The problem, since Iran is a wicked problem, he will fail if the US tries to act alone, as he has realised.
After starting a war that saw the Strait of Hormuz closed, Trump is now saying the problem of keeping it open should be shared with other countries.
He’s been trying to embroil other countries generally and Spain’s leader has pushed back the hardest, knowing that they can’t have decentralised collective action when one player is trying to inflict a hierarchy on the others.
The world abounds with Wicked Problems that make states dependent on each other.
The growing hacking ability of AI tools just adds to climate change, offshoring, tax avoidance, illegal trade and human trafficking.
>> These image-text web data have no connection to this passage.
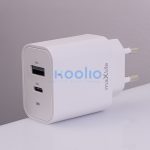 Maxlife MXTC-06 PD+QC 20W hálózati gyorstöltő adapter USB + Type-C + Type-C/Lightning kábel - fehér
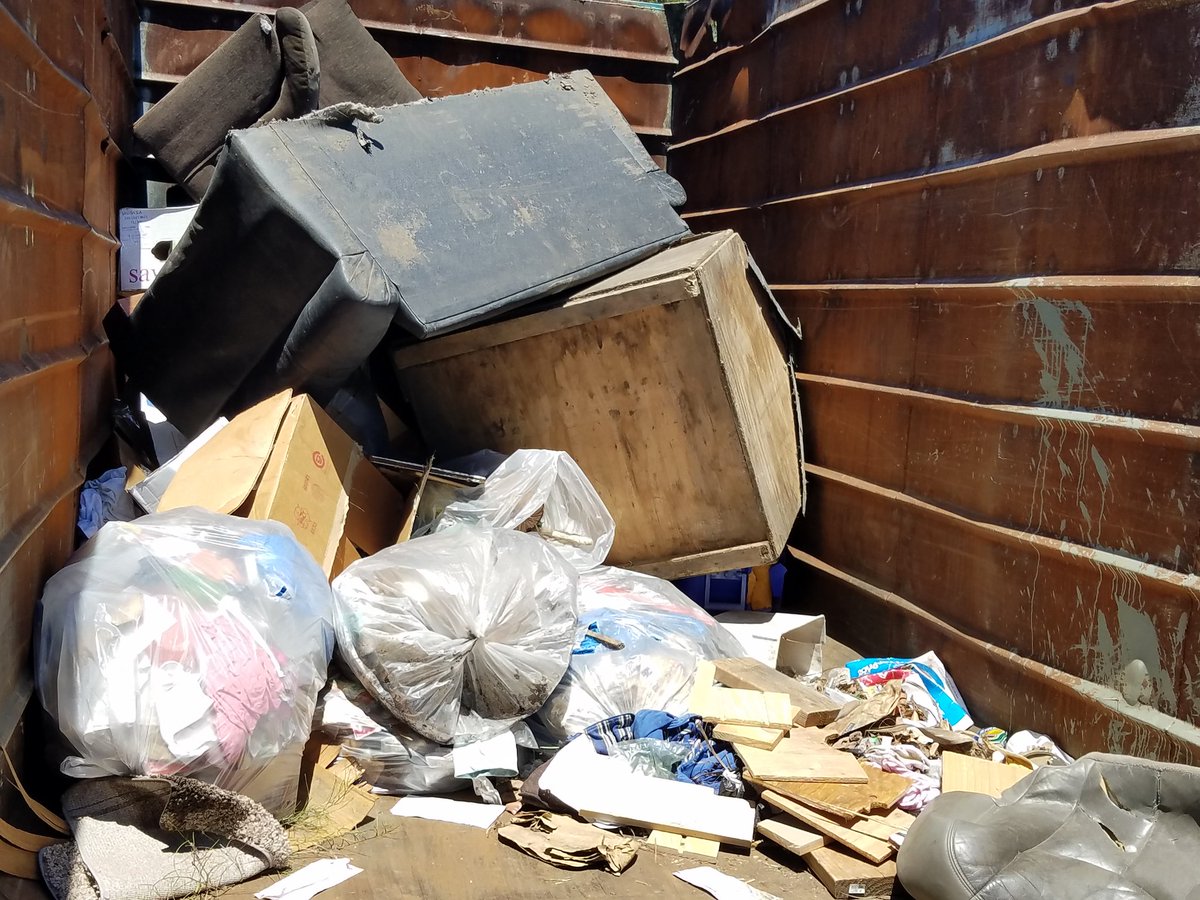LAonCloud9's tweet photo. https://t.co/9YxSJQKwAp #TheNew9th #LAonCloud9 #SouthCentralCleanUp #StreetCleanUp #LACD9  #OurCommunityOurCity @CurrenDPriceJr https://t.co/tdgOqHeQNp
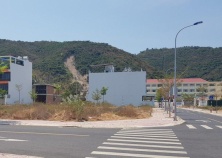 Giá nhà đất Nha Trang, Đà Nẵng giảm mạnh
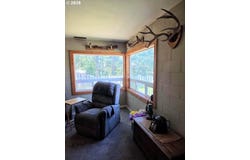 1070 MAIN St, Arlington, OR 97812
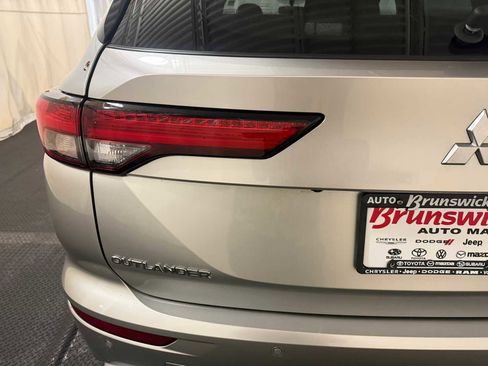 Used 2023 Mitsubishi Outlander SE image 17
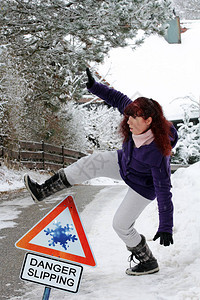 冬天的意外危险一个女人在光滑的图片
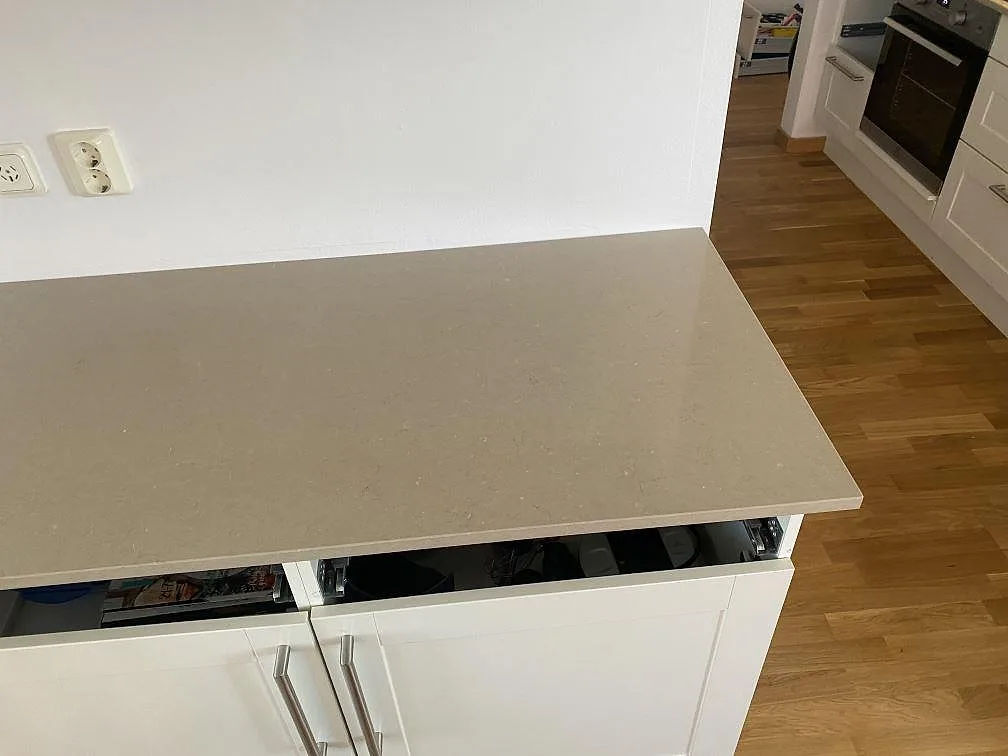 Køkkenbordplade i Silestone Coral Clay, Malmö – billede 5
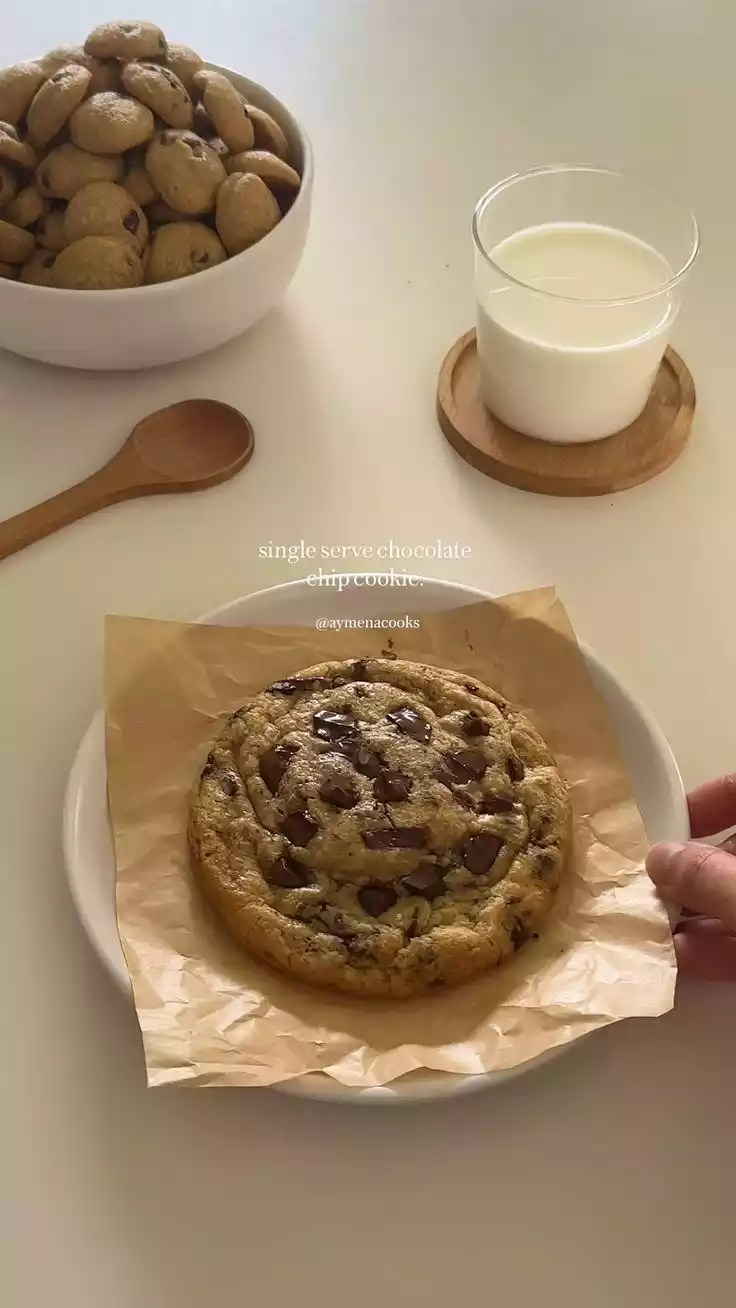 Chocolate Chip Cookie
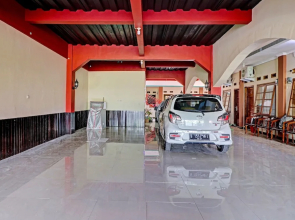 OYO Life 91480 Putridapisa Syariah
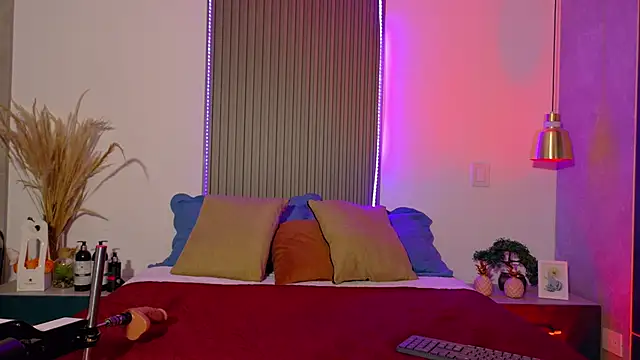 DollyBrowncc online show from February 7, 2026, 4:20 am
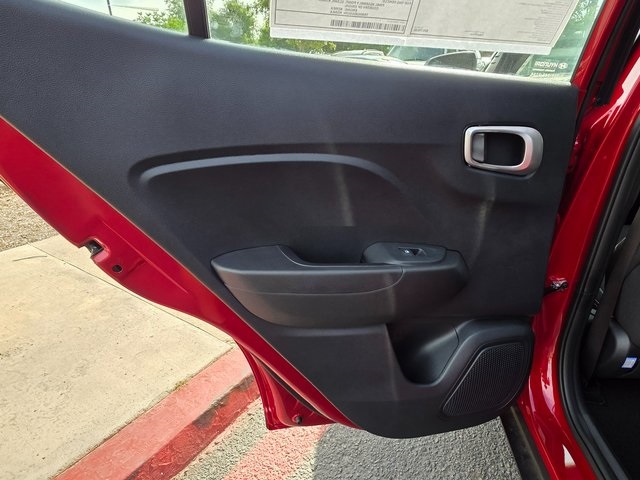 Vehicle image 20 of 44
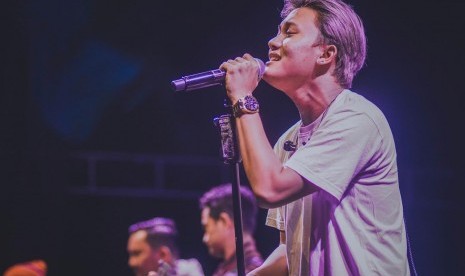 Trilogi karya 'Garis Cinta' Rizky Febian terdiri dari tiga judul lagu berbeda (Foto: Rizky Febian)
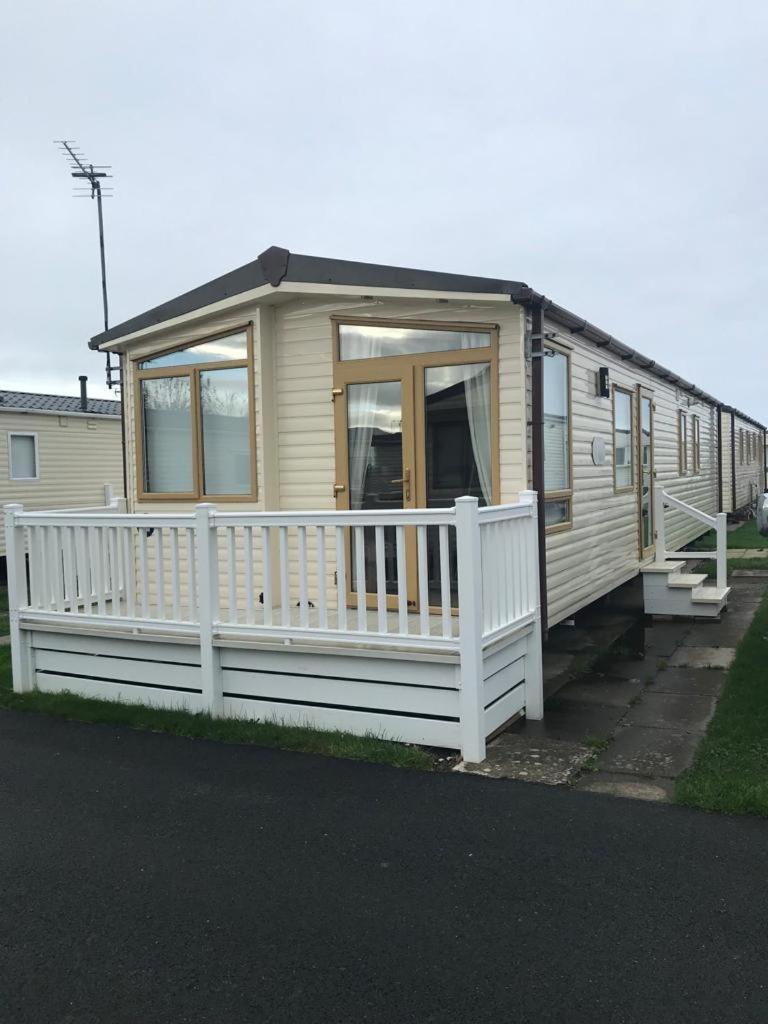 Two X 8 Berth Static Caravan On Lyons Robin Hood Rhyl North Wales Meliden ภายนอก รูปภาพ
However, a lack of consensus has undermined the ability of the world to act collectively, and it has created fertile ground for dictatorships.
Philosopher and political theorist Hannah Arendt looked at totalitarian regimes in the last century, but her analysis explains the rise of authoritarianism today.
Arendt understood that social fragmentation (itself a wicked problem) sets the stage because people are open to new ideologies when they can’t identify with or orient themselves through shared cultural norms.
The media, courts, government and universities used to create a semblance of a shared everyday reality.
While we didn’t all agree, at least there was a foundation, a set of shared facts, to debate upon. Trust in all these institutions has faded, though, opening up a battle for truth.
Disinformation and conspiracy theories abound and every picture, meme and news report has become disputable.
Rather than democratising media, social media has amplified extreme views. The algorithms have created echo chambers and ‘hyperconnectivity’ has pushed us all apart.
The theory of Wicked Problems explains why Trump, who said the war was ‘very complete, pretty much’ after two weeks, is still embroiled in a conflict that he seems to want to get out of.
He’s trying to check out, but he can never leave.
The problem is, without a ground invasion and forced regime change (and we know how those go), the best the US may get is an agreement whereby the uranium is given up and Iran allows for its nuclear programme to be monitored.
In 2015, then US-President Barack Obama negotiated such a deal and the UK, France, China, Russia and Germany were involved.
Iran was obliged to allow inspectors from the International Atomic Energy Agency to monitor any location.
In 2018, Trump threw the agreement out, thinking he could do better. As the economist wrote early on in the war, “what an indictment of his Iran policy that, eight years and two wars later, he has no better options.”
The situation seems little changed, three months after the US and Israel attacked. Now that’s a Wicked Problem for you.